Scraped caption text data:
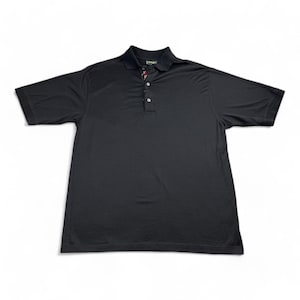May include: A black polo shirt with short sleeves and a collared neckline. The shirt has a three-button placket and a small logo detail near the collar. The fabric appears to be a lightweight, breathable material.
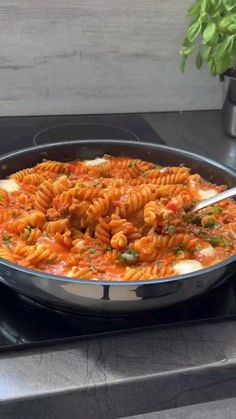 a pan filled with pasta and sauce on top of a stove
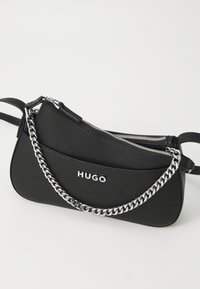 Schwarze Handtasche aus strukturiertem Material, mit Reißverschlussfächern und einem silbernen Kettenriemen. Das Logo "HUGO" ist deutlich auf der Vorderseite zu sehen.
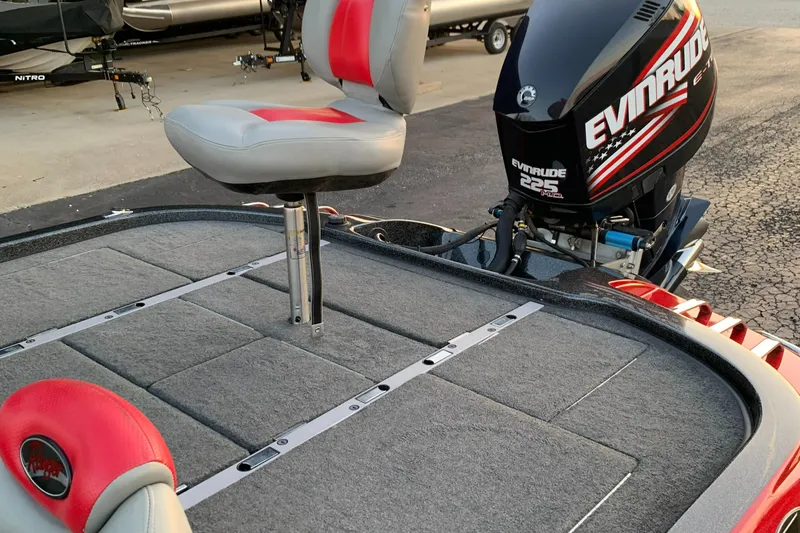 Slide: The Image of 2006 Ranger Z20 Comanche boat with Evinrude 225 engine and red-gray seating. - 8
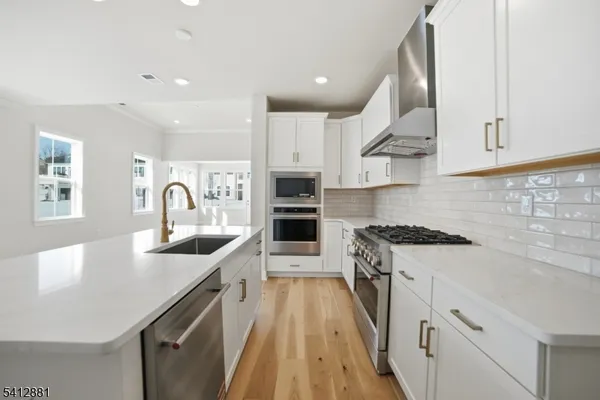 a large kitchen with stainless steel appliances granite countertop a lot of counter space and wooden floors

Exercise directions: Reproduce nothing but the lines running from the line with "Slide: The Image" through the end of the records, keeping both end lines and dropping the pictures.

Answer to this task:
 Slide: The Image of 2006 Ranger Z20 Comanche boat with Evinrude 225 engine and red-gray seating. - 8
 a large kitchen with stainless steel appliances granite countertop a lot of counter space and wooden floors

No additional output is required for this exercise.